We consistently worked on a testing suite to get rid of flaky test scenarios. In the end, we had full confidence in the test suite – once a test failed, it was clear that some problem had come up.
Tests were run on the integration level to test the local frontend, local backend, and the new, fresh database. Both backend and frontend teams had their own unit tests developed. In order to make sure our application worked properly for already existing resources, we added another test layer which ran through the app in the deployed testing environment. Finally, we supported our project with automated visual regression tests. In the end, we built a stable testing system ensuring high quality of the product in two important areas: backend-frontend integration and UI/visual consistency.

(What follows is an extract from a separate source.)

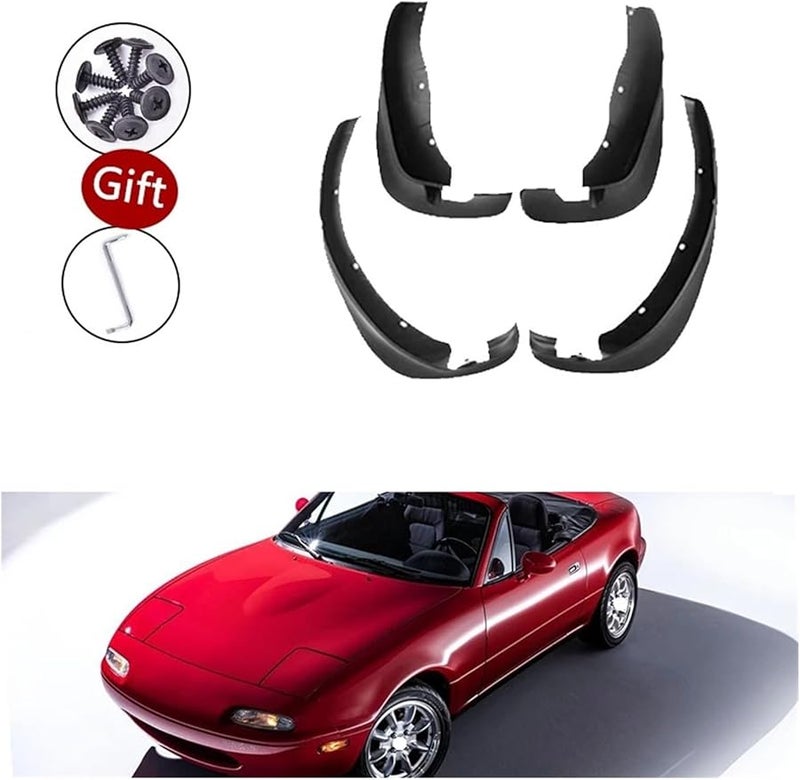 Mazda MX5 Miata NA 1990 1997 Mud Flaps Splash Guards Set of 4 - Image 3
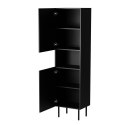 Witryna JUTA 50x39,5x190 czarny + linol calabria Cama MEBLE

With such a setup in place, we changed how we deployed the application to production. Once a feature was developed, the end-to-end integration tests were already there. We had waited for the final confirmation from stakeholders performing acceptance tests and, following that, the code was deployed to production. Production deployment took place every day.
Positive outcomes of Cypress implementation
Our relationship with the investors changed positively. We were able to deliver planned features in a more predictable way. We had fewer regression bugs found at the later stage of development. Once a bug had been found, we wrote proper tests to ensure it wouldn't appear again. There were no longer any manual regression tests before releases other than occasionally scheduled exploratory testing sessions.
One and a half years after introducing Cypress, we finally rewrote all the Capybara specs. Here are some important facts about that:
- Our Cypress integration test suite consisted of over 400 test scenarios.
- We decreased the initial CI build time from nine minutes for 109 Capybara scenarios with the parallelization of ten containers to seven and a half minutes for 419 Cypress scenarios with parallelization of ten containers – almost four times more tests and still visibly faster builds.
- We reduced CI server costs.
- We built confidence in the test suite by removing flaky tests.
- We moved our working flow towards continuous delivery, being able to deploy any fix or feature to production thanks to our powerfultest automation solution.
My thoughts after the successful test automation transition
In a period of one and a half years, I made over 1,100 commits to the project's repository. I’ve spent hours on fixing code review requests and learned how to collaborate on the shared code, contribute to others' work. I got a much deeper understanding of the product and learned a lot from the developers I’d worked with.
The most important thing I would like to share is that whenever something is not working as projected, you should start the discussion within your team. Plan your tasks step by step, and do not be discouraged by the amount of work left to achieve your goal. Do not give up when you face an issue: ask for support, talk to people. Think about automation as a strategic investment in both the project and your well being – less stressful deployments will make the job easier.
Every major change needs a driving force – someone who has a sense of ownership, who monitors the progress, who is deeply convinced of the necessity to change, and who pushes the work further. Being the driving force behind such a change was a huge responsibility, but it was definitely one of the most rewarding achievements in my professional career so far.